■ **WHAT THE TASK REQUIRES**
Each entry is to be retyped exactly as it appears, and each image is to be dropped.

■ **DATA EXCERPTS**

⁂

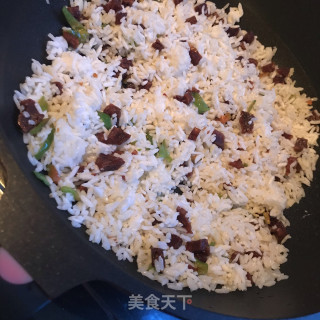 腊肠蛋炒饭的做法步骤：7
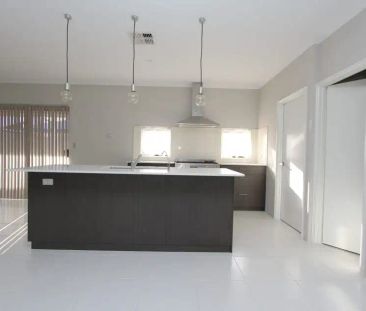 “Perfect Living” - Photo 5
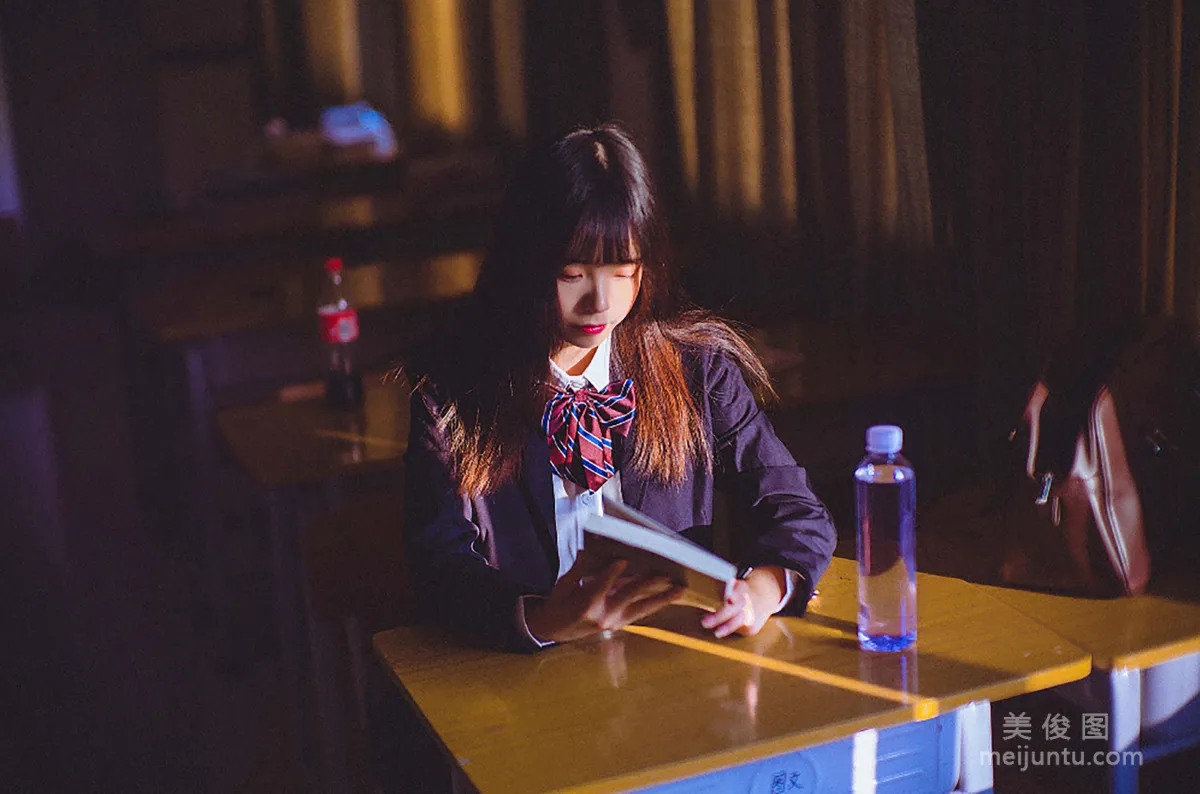 小野妹子w 《冬装JK》 写真集14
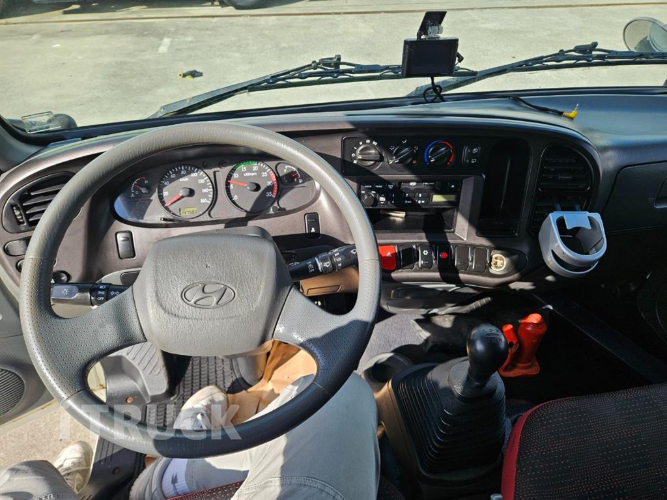 현대 마이티큐티 2.5톤 표준탑 일반캡 10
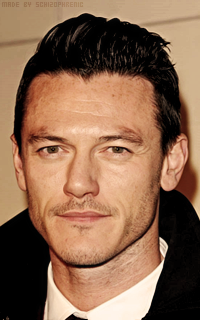 Luke Evans LoWD49lw_o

⁂

■ **RESULT OF THE EXERCISE**
 腊肠蛋炒饭的做法步骤：7
 “Perfect Living” - Photo 5
 小野妹子w 《冬装JK》 写真集14
 현대 마이티큐티 2.5톤 표준탑 일반캡 10
 Luke Evans LoWD49lw_o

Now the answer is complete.